林东来颔首,袖袍轻扬,一道月华自天而降,落于青渊额前。刹那之间,青渊眼中映出无数画面:女剑修初遇时笑靥如花,闭关前递来一枚青梅核,说“待我破关,便种于你东海礁石之上”;她魂魄碎裂时最后一眼,不是怨恨,而是困惑——仿佛不解为何自己最信之人,竟成了亲手推她坠崖的那阵风。

青渊浑身颤抖,龙眸中滚下两行赤泪,落地成珠,颗颗皆映出“水月”二字。

“镜花易谢,水月难捞。”林东来低语,“你既知错,便给你一个补救机会——持此照影镜,遍访七十二洞天,收拢她碎魂,每聚一片,便需在镜中自照一次,答我三问:你爱的是她,还是你心中那个完美的影子?你救她,是为赎罪,还是为安己心?若她重生归来,仍不愿再见你,你可愿放手,送她飞升?”

青渊仰天长啸,啸声中再无半分龙威,唯余苍凉。它衔镜而去,背影渐没于云海,身后留下一道蜿蜒血痕,如赤练,又似红线,直通东海深处。

此事传开,天下修士顿觉情劫非仅考验,更是照心之镜。有人畏而避之,闭关锁心,断绝尘缘;亦有人主动赴月宫祈请“照影”,甘愿直面内心幽微。短短半月,已有三百余紫府修士登记在册,其中竟有六十七人于照影镜中,照见自己情念之下,竟藏着对权势、对香火、对传承之贪执——原来所谓痴恋,不过是借一人之形,饲喂自己心中那只名为“不甘”的饿鬼。

而林东来并未止步于此。

他悄然召来混元七行真君,于水月洞天深处一座无名山谷布下“五行归真局”。此局非攻非守,乃是一道因果回环阵,以金木水火土五行为引,将七色夫人所录情劫簿册,与地仙道天所积功德气数、各宗门灵脉流转、乃至人间王朝气运,尽数纳入其中。阵心处,悬着一枚拳头大小的晶球,内里光影流转,竟是一幅不断变幻的《九州情络图》——图中丝线万千,红者为已结良缘,灰者为将断未断,黑者为孽缘缠身,白者为空明无染。而每一根红线末端,皆缀着一枚微光小字,或“孝”、或“义”、或“信”、或“仁”,竟是将情之一道,与儒家五常悄然勾连。

“情非孤立。”林东来指着晶球,“父母之慈,子女之孝,师徒之敬,朋友之信,皆情之支流。若一人能笃行孝道三十年,纵其情劫凶险,亦能借孝德之力,缓其三载;若一生未曾失信于人,其情劫之中,必有一线生机可渡。此非宽纵,乃是将情劫,真正纳入天地伦常之中——情若背伦,劫必加烈;情若合道,劫亦成阶。”

混元七行真君抚须长叹:“如此一来,情劫非但未增修士之苦,反成砥砺心性之砥石。东来兄,你这不是在立劫,是在铸道啊。”

林东来摇头:“非我铸道,乃天地本有此道。此前不过蒙尘罢了。大椿之道,重本源、轻人心;而地仙之道,重人心、顺本源。水月洞天若要真正兴盛,不能只靠灵气丰沛、灵植繁茂,更要人心澄澈,情理通达。否则,纵有万顷灵田,也种不出一株真心实意的‘同心莲’。”

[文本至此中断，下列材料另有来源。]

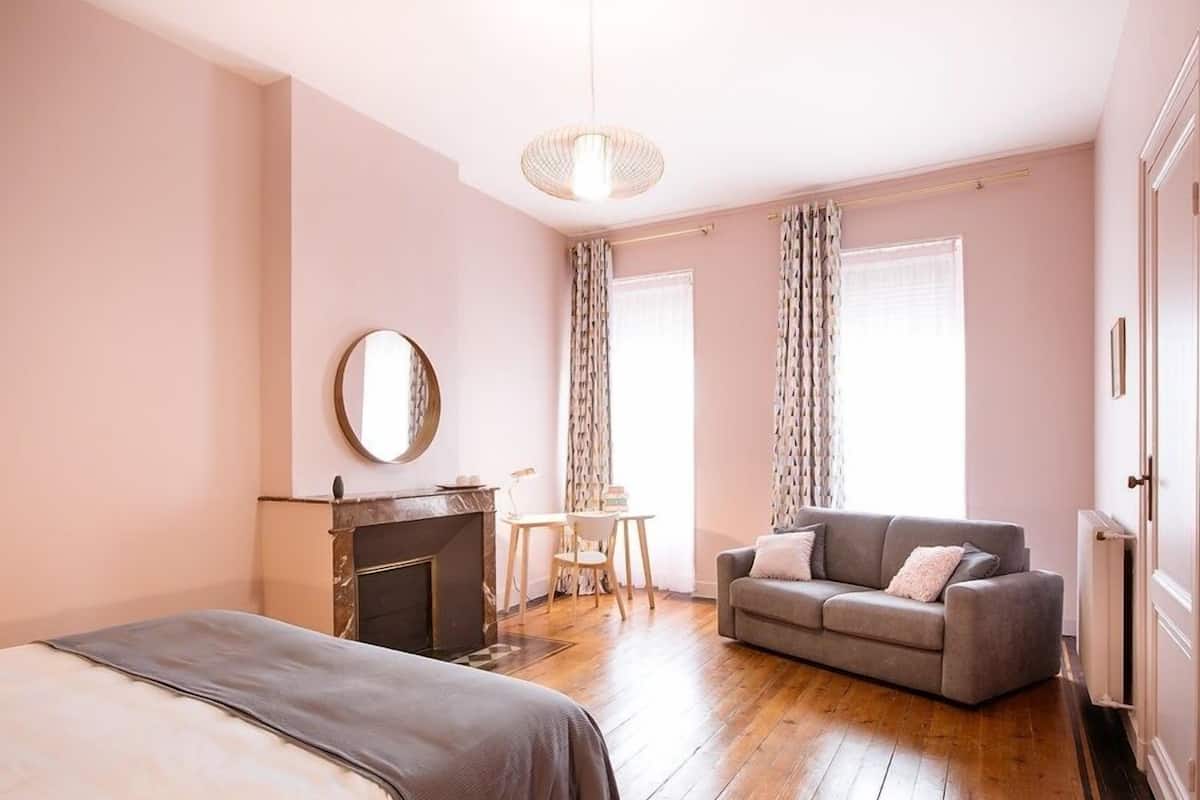 A bedroom with a bed, a sofa, a small table, a mirror, and a fireplace.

话音刚落,忽见晶球之中,一道极细极亮的金线自西南蛮荒之地升起,直贯月轮。线端,竟是一名尚未筑基的凡人少女,名唤阿沅,生于瘴疠之地,自幼父母双亡,靠采药维生。她三年前救下一只濒死的赤羽雀,日日以口哺食,以体温相护,雀愈后盘桓不去,日日衔来异果供她疗伤。阿沅从未动过情念,只当雀是灵宠,是家人。然那赤羽雀实为南疆一支隐世小妖,本体乃上古火鸦遗脉,因触犯妖族戒律被逐,化形未全,灵智懵懂。它日日追随阿沅,非为报恩,实为本能——火鸦一族,天生择主,择者必是心性至纯、情念至净之人。它不知何为爱,却将阿沅视作此生唯一光源。

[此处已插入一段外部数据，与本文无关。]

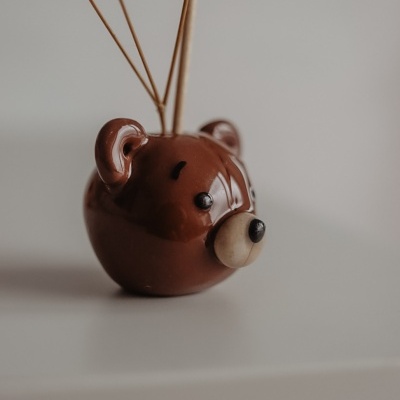 Vaso em cerâmica castanha em forma de cabeça de ursinho com flores secas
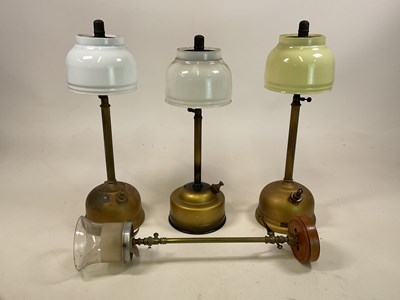 Lot 584 - Three Tilley lamps, one with yellow shade, the...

此线一出,晶球嗡鸣,七色夫人座前照影镜自动开启,镜中浮现阿沅身影,她正坐在溪边,用草茎编一只小鸟,嘴里哼着不成调的歌谣。镜旁浮出四字判词:【镜花水月】。

林东来凝望良久,忽然抬手,在晶球边缘轻轻一点。刹那间,一道柔和月华垂落,笼罩阿沅周身。她手中草鸟倏然活了过来,振翅飞起,在空中化作一只赤羽小雀,绕她三匝,而后停于她肩头,轻轻啄了啄她的耳垂。

阿沅怔住,随即笑了,笑容干净得如同山涧初雪。

“此线不入情劫簿册。”林东来轻声道,“因其未生情劫,故不需渡劫。此乃‘情之本初’,无染无垢,亦无挂碍。地仙道天,当为此等纯粹之情,专设一格——‘赤诚格’。凡具此格者,其灵田所种灵植,无需额外滋养,自生灵韵;其居所方圆百里,瘴疠自退,毒虫远遁;其心念所至,枯木可荣,顽石生苔。”

此令一出,地仙道天金册自动翻页,一页空白之上,浮现出朱砂所绘的赤羽雀图腾,图腾下方,一行小字徐徐显化:“赤诚者,情之根,道之基,天地所钟,不劫不磨,唯养唯润。”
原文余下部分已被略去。